Developed by:
- Katerina Bosko: back end (web scraping, SQL database)
- Patrick Salsbury: front end (GUI, plotting)
An exploratory data analysis project that showcases the differences and similarities in attributes regarding the top 500 companies to work for according to Forbes.com
Data set size: 500 rows x 8 columns.
Here's an example a of typical record in JSON format:
{
"rank": "207",
"name": "PepsiCo",
"industry": "Food, Soft Beverages, Alcohol & Tobacco",
"employees": "116,000",
"year_founded": "1965",
"url": "https://www.forbes.com/companies/pepsico/",
"desc": "PepsiCo, Inc. engages in the manufacture, marketing, distribution and sale of beverages, food, and snacks. It is a food and beverage company with a complementary portfolio of brands, including Frito-Lay, Gatorade, Pepsi-Cola, Quaker, and Tropicana. It operates through the following business segments: Frito-Lay North America; Quaker Foods North America; North America Beverages; Latin America; Europe Sub-Saharan Africa; and Asia, Middle East, and North Africa. The Frito-Lay North America segment markets, distributes, and"
"headquarters": "Purchase, New York"
}
The project consists of 4 parts organized in the following files:
Consists of 2 parts:
- code to scrape javascript-generated content (data table and urls) using Selenium
- code to scrape headquarters and description of each company by going into each url
Missing data is encoded as “-1”
Generates companies_final.json
Consists of 2 parts:
-
Data Cleaning:
- getting state from headquarter variable and encoding companies without state as ‘international’
- clean descriptions (some of them end abruptly in the middle of the sentence)
-
Dealing with missing data in state variable (25 cases)
- add missing information about the state for universities in our list from topcolleges.csv file
- add missing information for universities in our list if the name has a state in its name
- substitute manually for the remaining companies without state (6 cases)
Generates companies_clean.json
Creates a SQL database using sqlite3 module.
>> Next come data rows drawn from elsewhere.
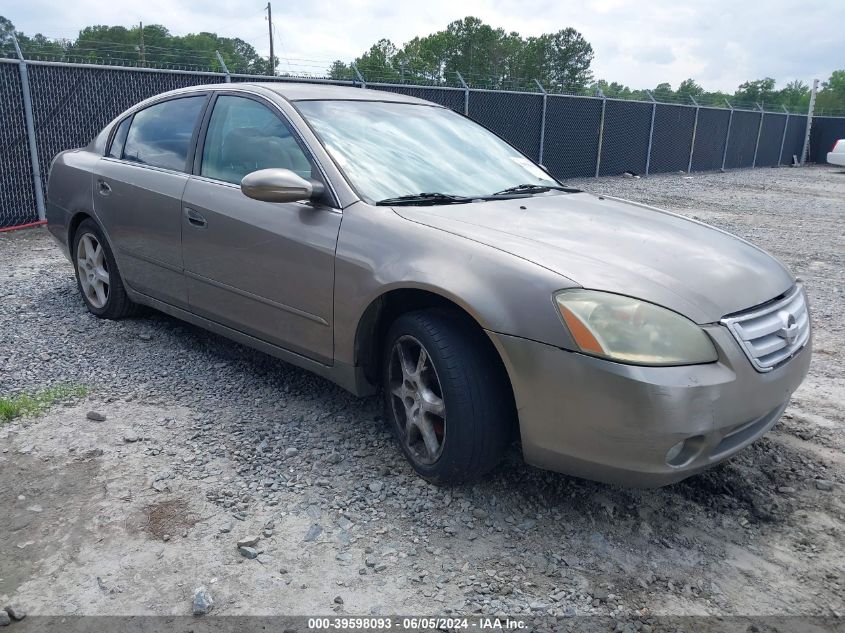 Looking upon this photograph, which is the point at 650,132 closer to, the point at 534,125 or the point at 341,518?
the point at 534,125

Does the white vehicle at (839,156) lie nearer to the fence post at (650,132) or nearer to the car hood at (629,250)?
the fence post at (650,132)

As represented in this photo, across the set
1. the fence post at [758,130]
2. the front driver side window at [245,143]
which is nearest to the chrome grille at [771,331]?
the front driver side window at [245,143]

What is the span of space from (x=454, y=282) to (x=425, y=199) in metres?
0.71

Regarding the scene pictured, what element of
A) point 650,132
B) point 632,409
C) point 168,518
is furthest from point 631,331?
point 650,132

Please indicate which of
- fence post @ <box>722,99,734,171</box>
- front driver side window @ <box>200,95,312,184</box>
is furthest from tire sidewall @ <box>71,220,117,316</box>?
fence post @ <box>722,99,734,171</box>

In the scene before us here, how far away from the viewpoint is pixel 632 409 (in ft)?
7.86

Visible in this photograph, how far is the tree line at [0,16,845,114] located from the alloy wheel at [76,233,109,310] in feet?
17.0

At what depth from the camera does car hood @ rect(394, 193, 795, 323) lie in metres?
2.58

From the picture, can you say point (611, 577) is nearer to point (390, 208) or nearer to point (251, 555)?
point (251, 555)

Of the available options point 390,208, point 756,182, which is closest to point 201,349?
point 390,208

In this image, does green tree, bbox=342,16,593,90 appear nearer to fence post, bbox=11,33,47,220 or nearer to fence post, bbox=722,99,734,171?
fence post, bbox=722,99,734,171

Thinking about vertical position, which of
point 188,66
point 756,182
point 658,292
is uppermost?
point 188,66

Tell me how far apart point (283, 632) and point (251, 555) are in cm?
42

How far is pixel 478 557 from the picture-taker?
2605 millimetres
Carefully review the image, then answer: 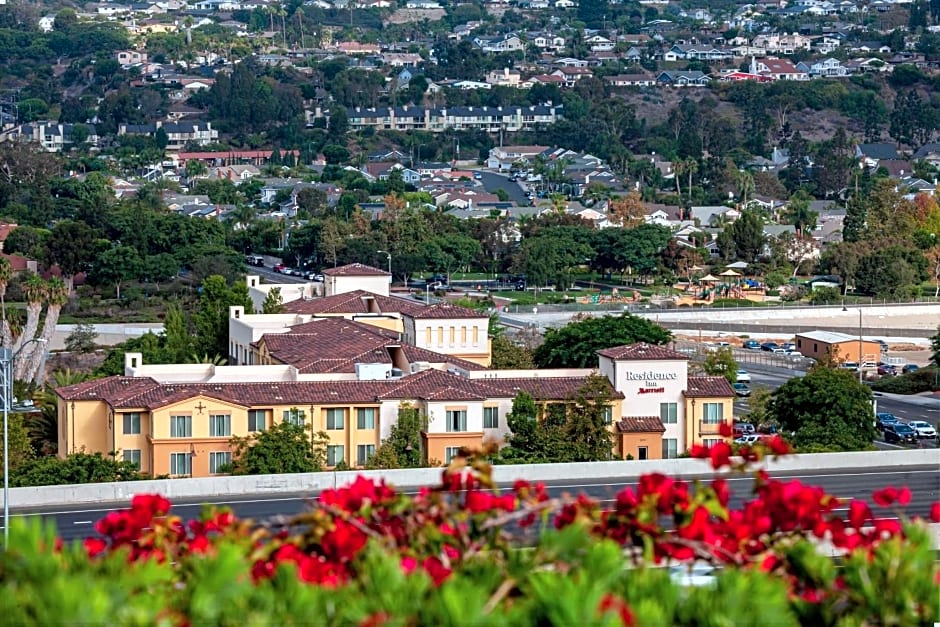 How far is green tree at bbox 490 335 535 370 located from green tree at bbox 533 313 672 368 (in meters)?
0.36

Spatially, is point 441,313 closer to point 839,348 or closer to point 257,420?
point 257,420

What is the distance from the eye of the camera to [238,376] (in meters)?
44.8

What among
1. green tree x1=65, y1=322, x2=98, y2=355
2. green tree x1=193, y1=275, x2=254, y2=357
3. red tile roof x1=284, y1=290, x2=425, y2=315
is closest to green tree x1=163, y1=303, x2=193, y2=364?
green tree x1=193, y1=275, x2=254, y2=357

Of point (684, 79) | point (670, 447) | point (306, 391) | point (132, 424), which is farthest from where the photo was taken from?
point (684, 79)

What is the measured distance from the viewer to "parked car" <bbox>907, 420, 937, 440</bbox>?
4922 centimetres

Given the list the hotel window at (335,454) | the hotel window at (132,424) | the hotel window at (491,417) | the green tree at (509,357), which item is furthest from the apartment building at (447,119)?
the hotel window at (132,424)

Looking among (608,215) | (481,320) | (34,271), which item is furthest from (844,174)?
(481,320)

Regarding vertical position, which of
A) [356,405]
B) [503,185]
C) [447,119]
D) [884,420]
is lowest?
[884,420]

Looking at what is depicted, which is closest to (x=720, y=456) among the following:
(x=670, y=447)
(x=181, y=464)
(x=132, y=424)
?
(x=181, y=464)

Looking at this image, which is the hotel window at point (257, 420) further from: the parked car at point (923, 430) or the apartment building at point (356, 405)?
the parked car at point (923, 430)

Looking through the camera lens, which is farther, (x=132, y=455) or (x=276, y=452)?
(x=132, y=455)

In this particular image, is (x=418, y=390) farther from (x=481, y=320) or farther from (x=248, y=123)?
(x=248, y=123)

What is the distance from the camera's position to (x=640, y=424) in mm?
43156

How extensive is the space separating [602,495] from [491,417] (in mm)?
8507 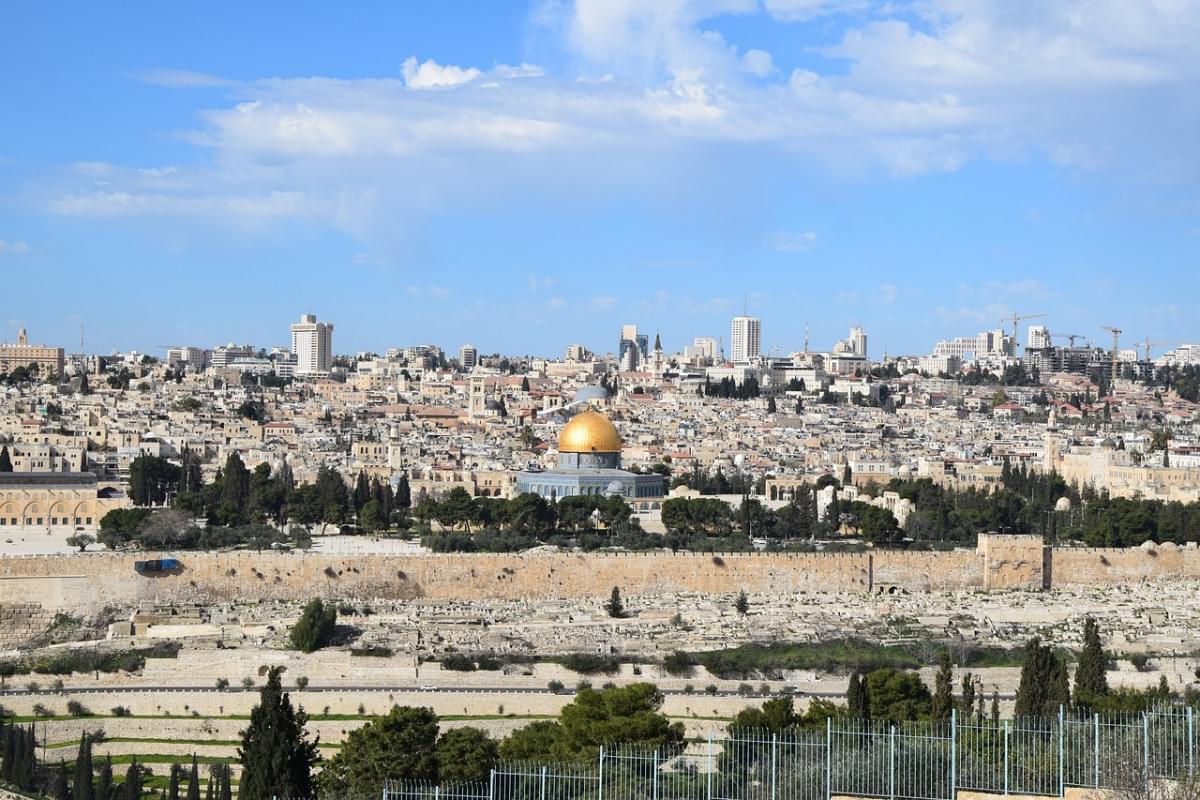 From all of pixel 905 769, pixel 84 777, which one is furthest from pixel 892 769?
pixel 84 777

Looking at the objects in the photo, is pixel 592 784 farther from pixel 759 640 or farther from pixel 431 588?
pixel 431 588

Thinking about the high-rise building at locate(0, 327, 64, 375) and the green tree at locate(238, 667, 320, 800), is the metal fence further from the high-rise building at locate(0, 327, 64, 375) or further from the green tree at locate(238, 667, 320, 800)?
the high-rise building at locate(0, 327, 64, 375)

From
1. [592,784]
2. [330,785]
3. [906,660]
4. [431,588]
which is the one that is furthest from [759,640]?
[592,784]

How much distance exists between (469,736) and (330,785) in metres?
2.27

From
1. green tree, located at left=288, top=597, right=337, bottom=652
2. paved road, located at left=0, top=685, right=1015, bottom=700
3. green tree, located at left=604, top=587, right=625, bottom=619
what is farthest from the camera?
green tree, located at left=604, top=587, right=625, bottom=619

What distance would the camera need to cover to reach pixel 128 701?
25828mm

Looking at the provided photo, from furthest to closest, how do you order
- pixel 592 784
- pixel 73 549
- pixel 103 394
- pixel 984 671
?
pixel 103 394 < pixel 73 549 < pixel 984 671 < pixel 592 784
Database has 3 tables:
- Companies
- Industries (foreign key in Companies)
- States (foreign key in Companies)
Generates companies.db
GUI using tkinter and plotting using matplotlib modules based on data imported from ‘companies.db’ Contains 6 Classes:
- MainWindow (subclass of tk.Tk)
- main window holding the four choices: Display by top employers by rank, display by industry, display by location, and display by trends
- DisplayListWindow(subclass of tk.Toplevel)
- generic listbox window consisting of only a label and a listbox
- displays employer information
- DisplayListButtonWindow(subclass of DisplayListWindow)
- same as DisplayListWindow except with an additional button in order to confirm selected
- NumDisplayWindow(subclass of DisplayListButtonWindow)
- same as DisplayListButtonWindow except with additional functionality to enter a number/range into an entry widget and hit a confirm button to display specific employers by ranking
- RadioButtonWindow(subclass of tk.Toplevel)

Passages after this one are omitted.